As $S_z$ doesn't act on the $|NM_N\Lambda>$ part we have:

$$\Sigma_{M_N}\Sigma_{M_S}\Sigma_{M_N'}\Sigma_{M_S'}<NM_NSM_S|JM_J><N'M_N'S'M_S'|J'M_J'><NM_N\Lambda||N'M_N'\Lambda'><SM_S|S_z|S'M_S'>$$

From which we get $N=N'$, $M_N=M_N'$ and $\Lambda=\Lambda'$. So we have:

$$\Sigma_{M_N}\Sigma_{M_S}\Sigma_{M_S'}<NM_NSM_S|JM_J><NM_NS'M_S'|J'M_J'><SM_S|S_z|S'M_S'> = $$

$$\Sigma_{M_N}\Sigma_{M_S}\Sigma_{M_S'}<NM_NSM_S|JM_J><NM_NS'M_S'|J'M_J'>M_S'<SM_S||S'M_S'> = $$

And now we get that $S=S'$ and $M_S=M_S'$ so we have:

$$\Sigma_{M_N}\Sigma_{M_S}<NM_NSM_S|JM_J><NM_NSM_S|J'M_J'>M_S = $$

$$\delta_{JJ'}\delta_{M_JM_J'}M_S$$

So we also have $J=J'$ and $M_J=M_J'$. Plugging in in the original equation, which was left at:

$$B_z \Sigma_{M_J}\Sigma_{M_J'}\Sigma_{M_I}<JM_JIM_I|FM_F><J'M_J'IM_I|F'M_F'><NS\Lambda J M_J| S_z |N'S'\Lambda' J' M_J'> = $$

$$B_z \Sigma_{M_J}\Sigma_{M_I}<JM_JIM_I|FM_F><JM_JIM_I|F'M_F'>M_S = $$

$$B_z M_S \delta_{FF'}\delta_{M_FM_F'}$$

So in the end we get $F=F'$ and $M_F=M_F'$, so basically all quantum numbers need to be equal and the matrix element is $B_zM_S$. It looks a bit too simple and too intuitive. I've seen mentioned in B&C and many other readings that hund case b calculations are more complicated than Hund case a. This was indeed quite tedious, but the result looks like what I would expect without doing these calculations (for example for the EDM calculations before I wouldn't see that $\frac{1}{J(J+1)}$ scaling as obvious). Also, is there a way to get to this result easier than what I did i.e. figure out that $B_zM_S$ should be the answer without doing all the math? Thank you!

 

[amoforum]

I haven't gone through your derivation yet, but yes, there's a way easier method, which is how B&C derive all their matrix elements.

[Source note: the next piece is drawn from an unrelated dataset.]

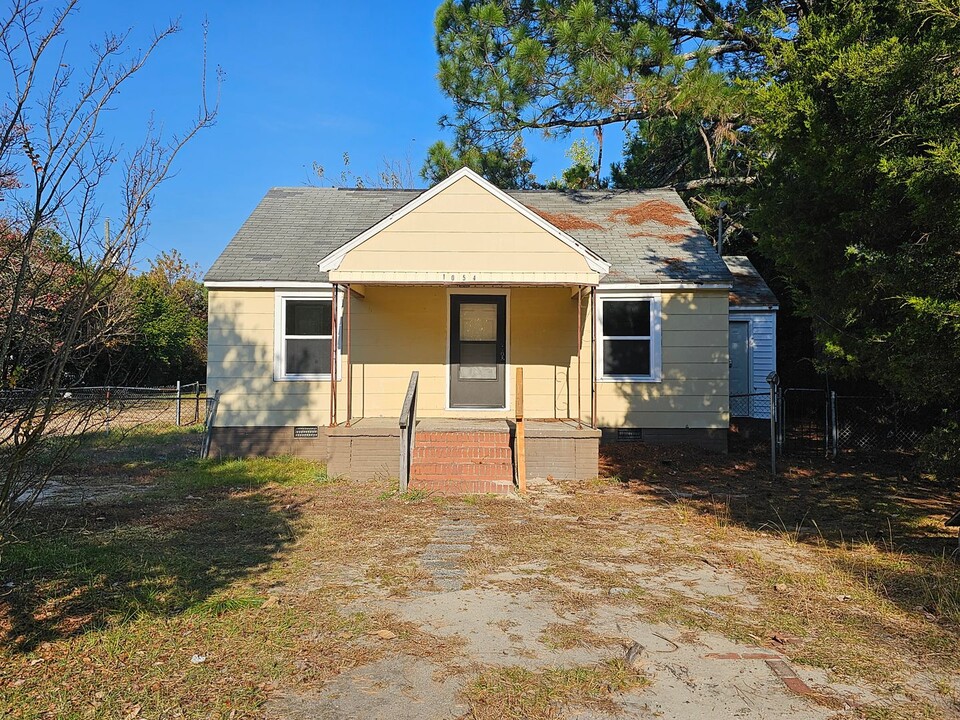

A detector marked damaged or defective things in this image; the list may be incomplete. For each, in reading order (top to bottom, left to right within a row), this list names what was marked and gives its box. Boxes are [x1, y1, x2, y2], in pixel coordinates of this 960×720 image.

rust stain on roof [528, 205, 604, 231]
rust stain on roof [608, 200, 688, 228]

Look at equation 11.3. Its derivation is literally three steps, by invoking only two equations (5.123 first and 5.136 twice, once for $F$ and once for $J$). The whole point of using Wigner symbols is to avoid the Clebsch-Gordan coefficient suffering.

By the way, almost every known case is in the B&C later chapters for you to look up. Every once in a while it's not. It happened to me actually, but I was able to derive what I needed using the process above.